Work task: Make an exact copy, from the records below, of the lines from the line containing "Image result for KÝ GIẢ ĐÒAN TRỌNG" to the line containing "Antique Lights for", both lines included, excluding pictures.

[Image-caption web data]
-*-*-
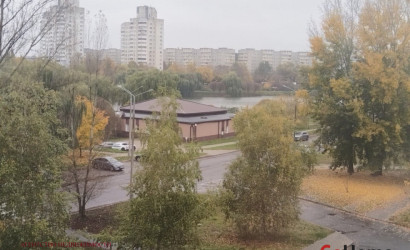 Купить 2-комнатную квартиру, Гомель, Макаёнка, 27/3. Фото 14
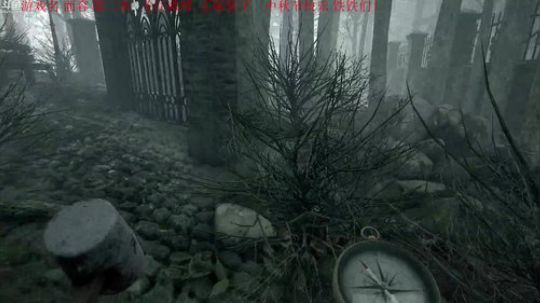 【管子】丛林地狱·另类高能搞笑主播 2019-09-13 17点场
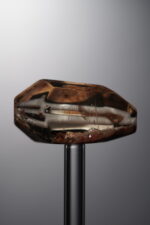 Crystal-Red-Freeform-30mm - Image 2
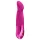 Fun Factory - oplaadbare G-punt vibrator (roze)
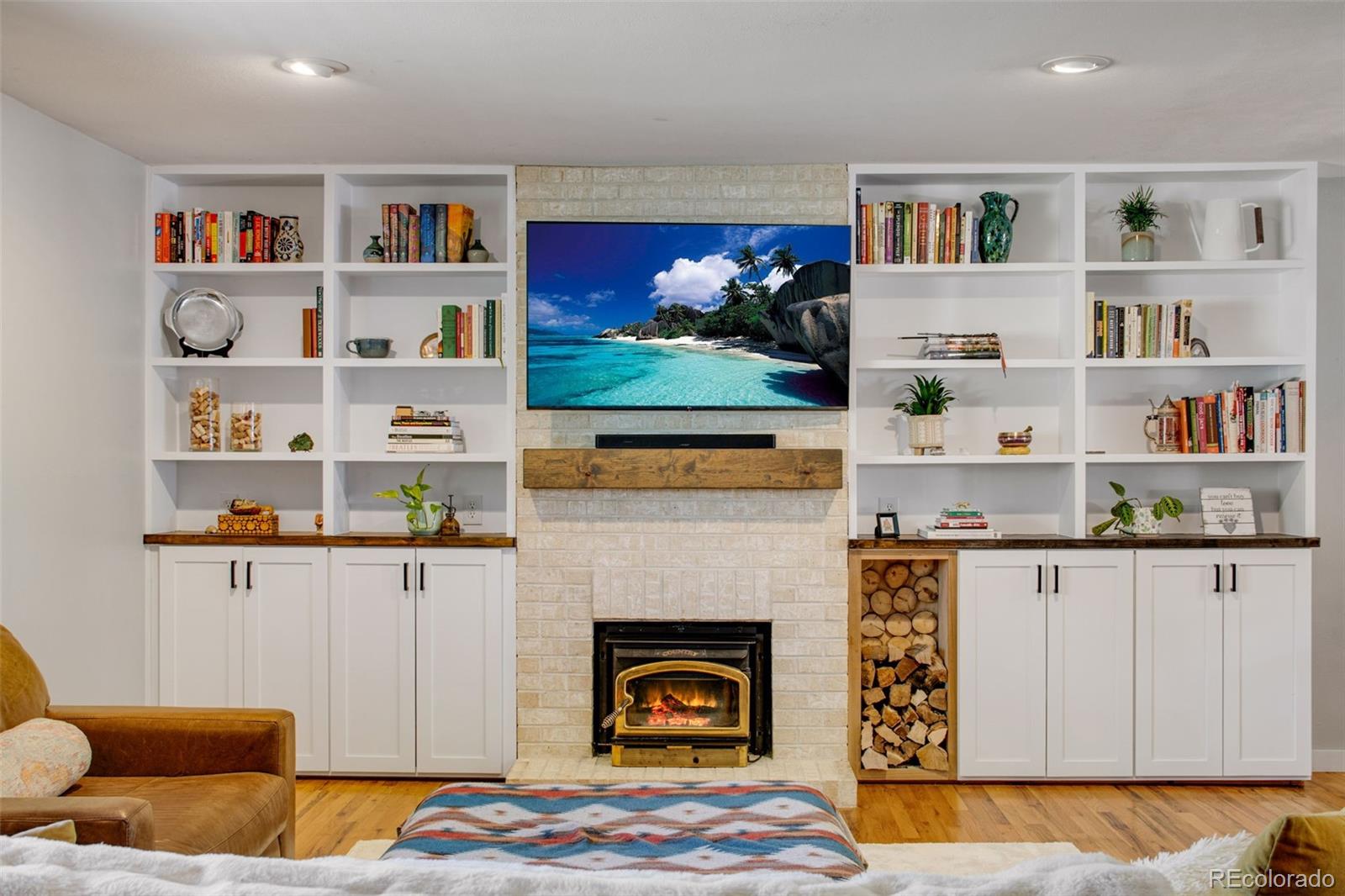 MLS Image #13 for 8070 w 25th place,denver, Colorado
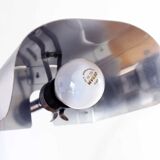 Targetti flexible floor lamp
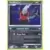 Darkrai Holo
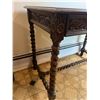 Image 3 : Barley Twist Desk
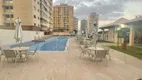 Foto 14 de Apartamento com 2 Quartos à venda, 72m² em Imbuí, Salvador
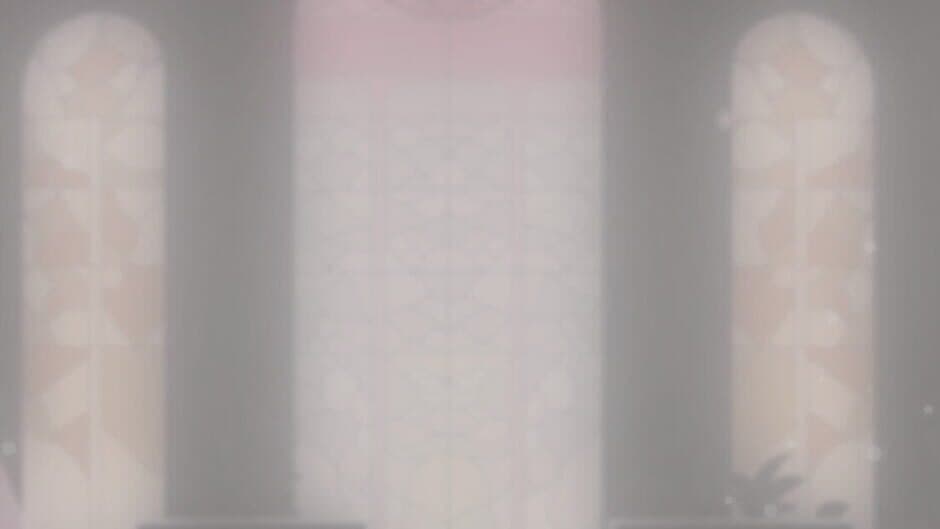 Queens Casino artwork 1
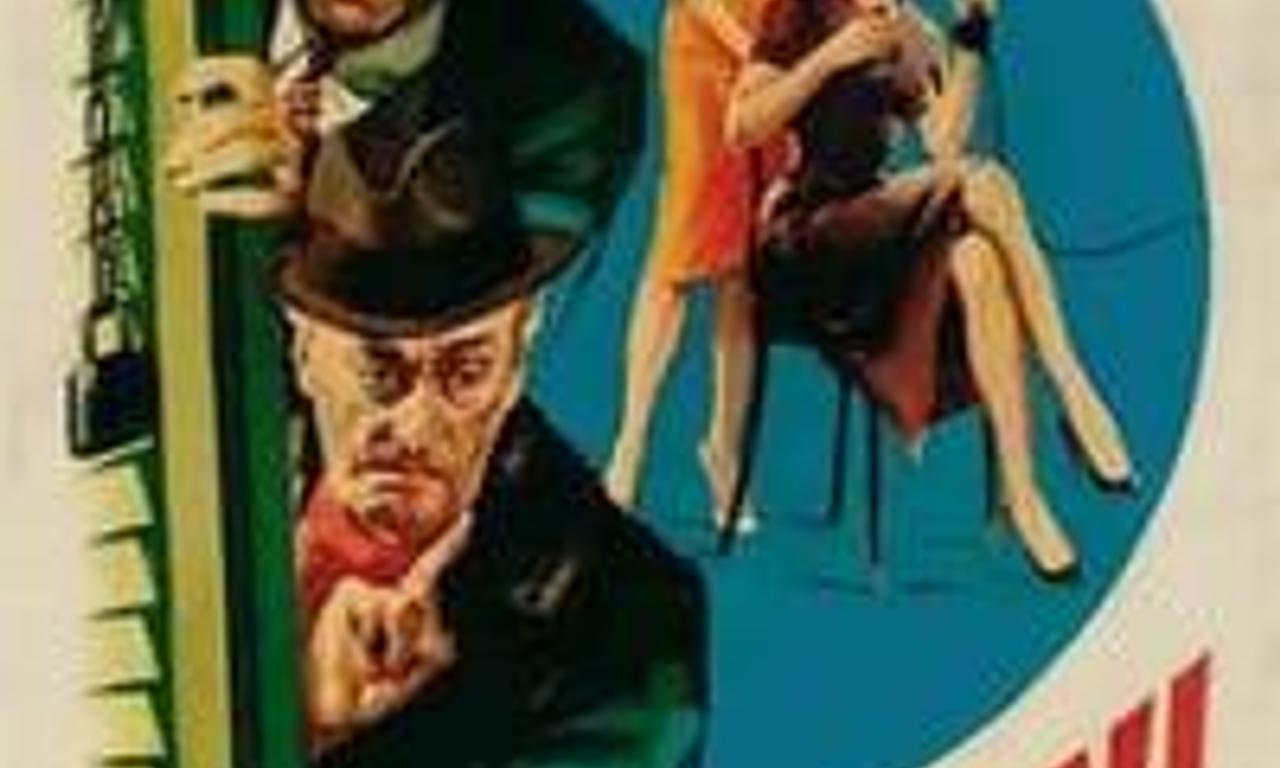 header image for You're on Your Own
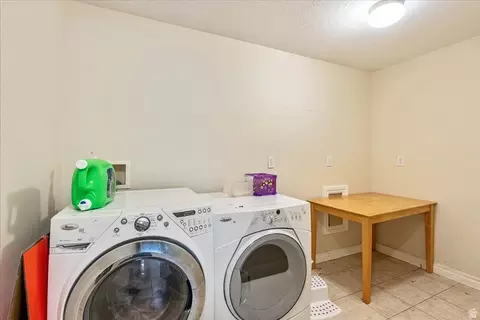 Other - 316 E Azure Cir S, Draper, UT 84020 photo 10 of 10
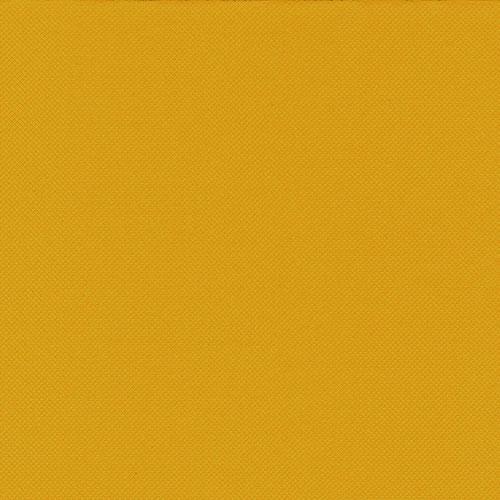 Papstar Serwetki ROYAL 40x40cm 50 sztuk Szafran
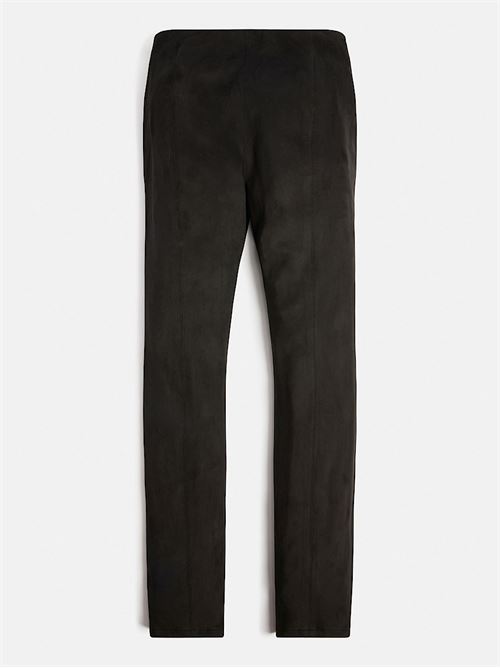  GUESS | J1BB14WE0L0/JBLK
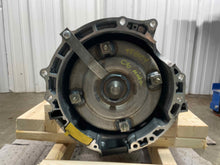 Load image into Gallery viewer, Transmission  MAZDA MX-5 MIATA 2006 - NW532165

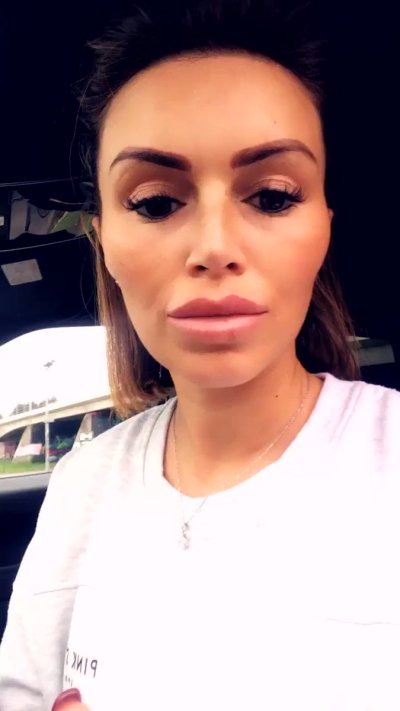 Watch Gemma Massey's leaked NSFW video on TwXstars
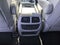 2021 Honda Pilot EX-L 2WD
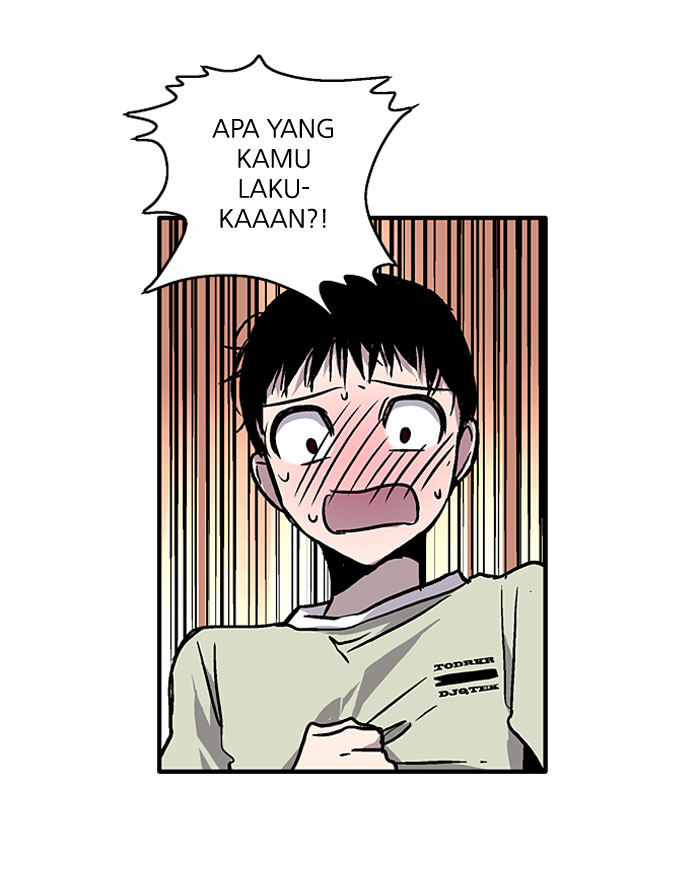 Nano List Chapter 16 halaman 79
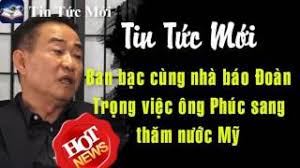 Image result for KÝ GIẢ ĐÒAN TRỌNG
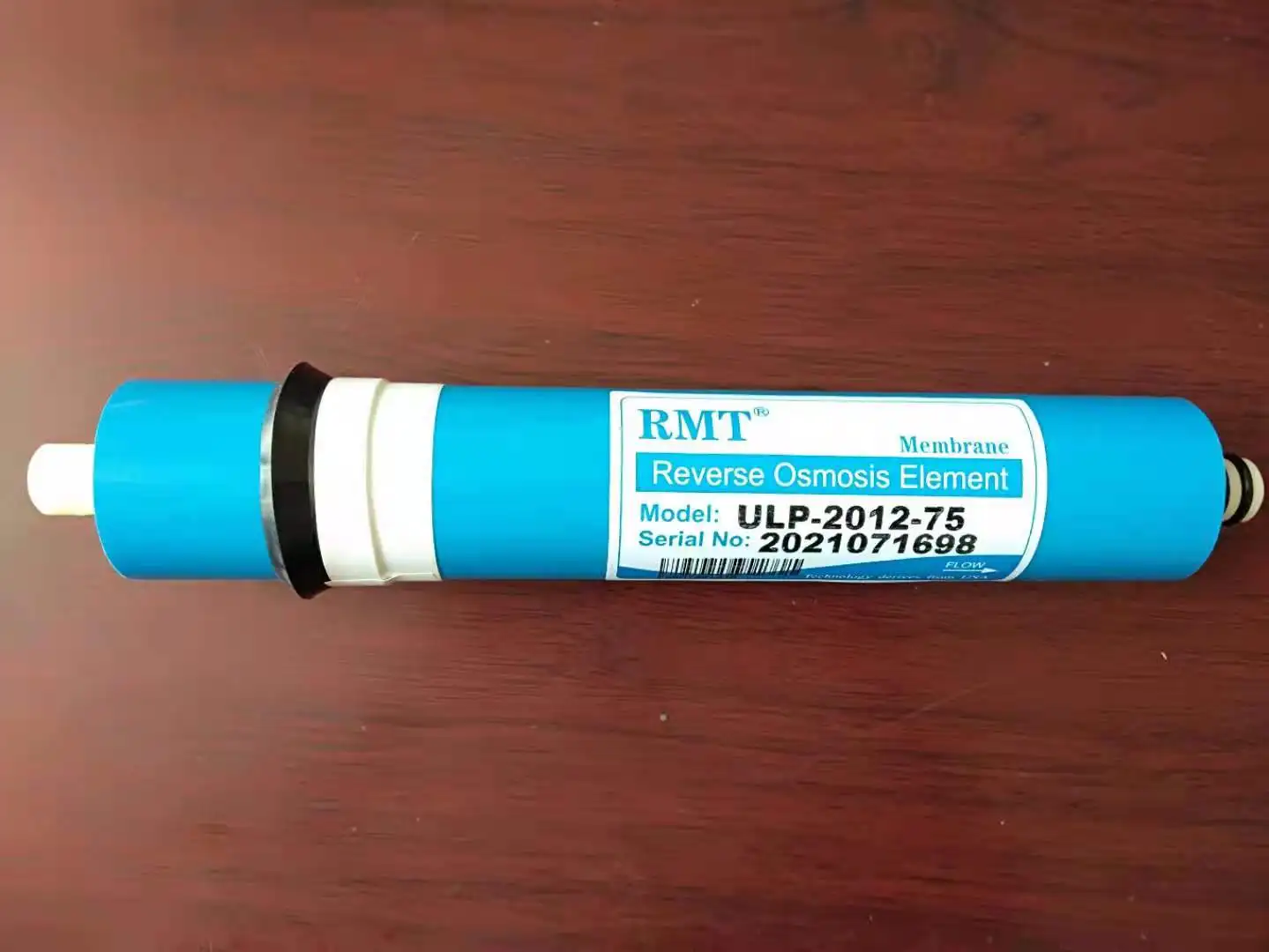 저압 RO 멤브레인 저압 RO 멤브레인 필터 ULP 2012 75g 울트라 저압 펌프가 및 전기공구 부품 AliExpress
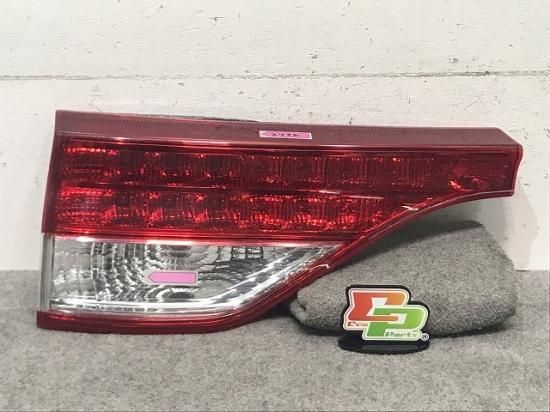 ネットで注文 エスティマ/アエラス 純正 ACR50W/ACR55W/GSR50W/GSR55W/AHR20W パーツ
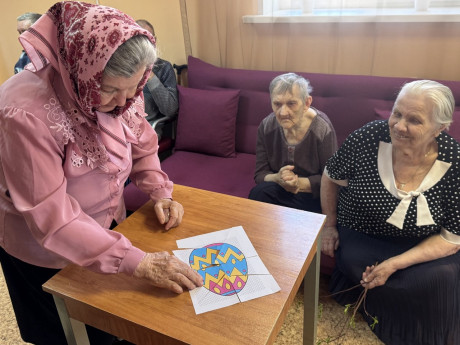 photo_2025-04-22_10-20-19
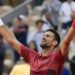 Novak oborio nova dva rekorda!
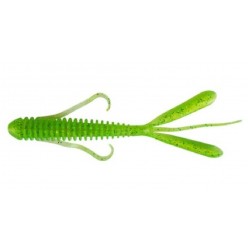 424 Lime Chartreuse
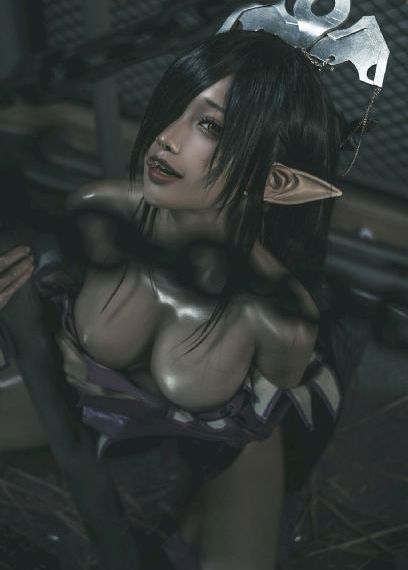 高清影视日韩AV_蓝光BD在线观看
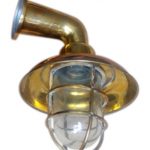 Antique Lights for distinct  looking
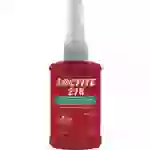 LOCTITE® 278 BO 50ML EGFD 1117477 Schraubensicherung Festigkeit: hoch 50ml LOCTITE® 278 BO 50ML EGFD 1117477 Schraubensicherung Festigkeit: hoch 50ml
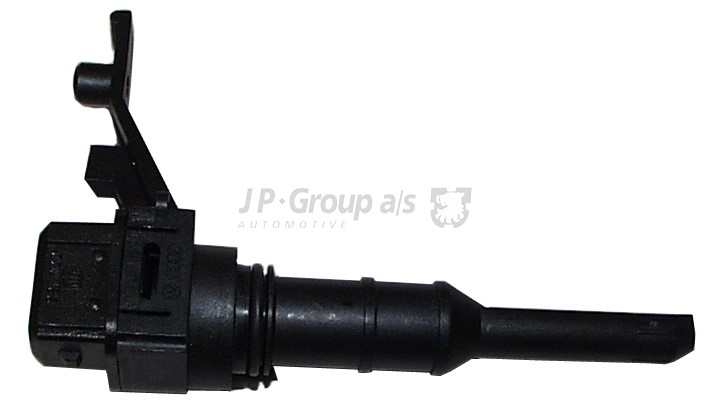 1197200200 JP Group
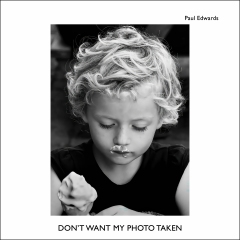 3_PE_3_-Dont-want-my-photo-taken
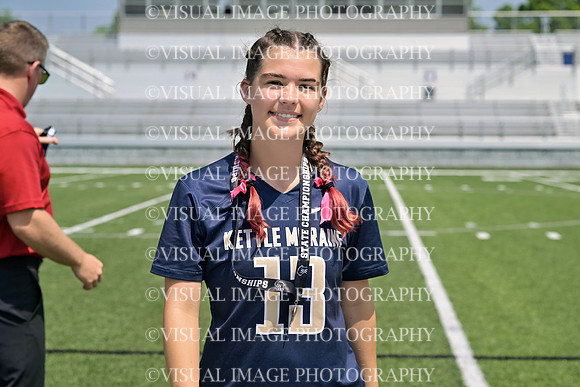 WILXG_25_A12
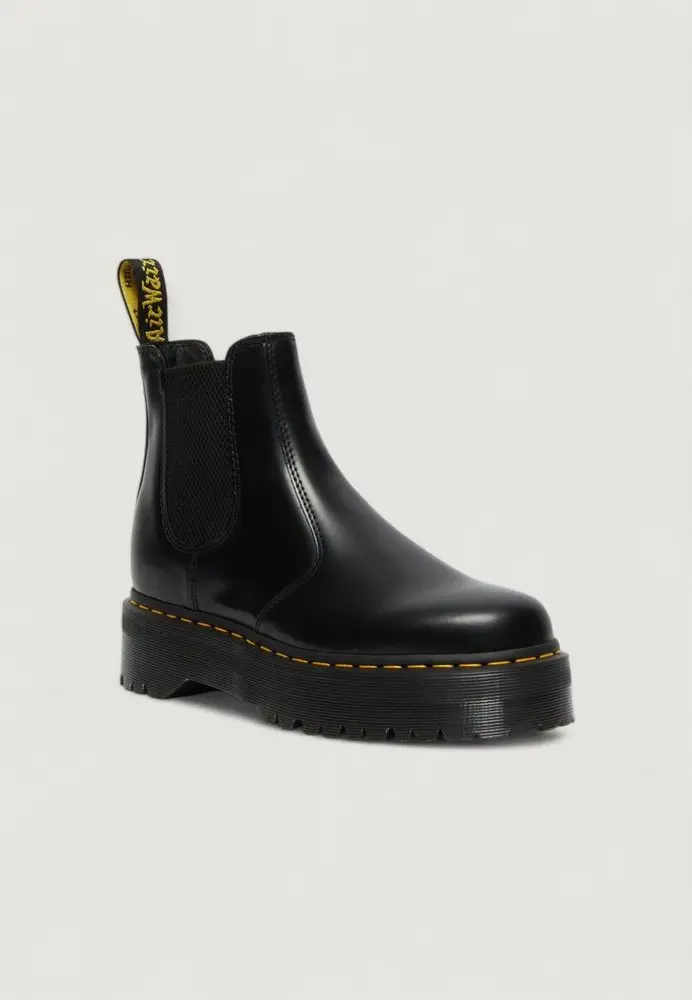Boots Dr. Martens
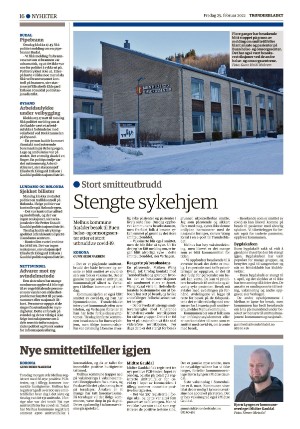 tronderbladet-20220225_000_00_00_016.pdf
-*-*-
Solution below:
 Image result for KÝ GIẢ ĐÒAN TRỌNG
 저압 RO 멤브레인 저압 RO 멤브레인 필터 ULP 2012 75g 울트라 저압 펌프가 및 전기공구 부품 AliExpress
 ネットで注文 エスティマ/アエラス 純正 ACR50W/ACR55W/GSR50W/GSR55W/AHR20W パーツ
 photo_2025-04-22_10-20-19
 Novak oborio nova dva rekorda!
 424 Lime Chartreuse
 高清影视日韩AV_蓝光BD在线观看
 Antique Lights for distinct  looking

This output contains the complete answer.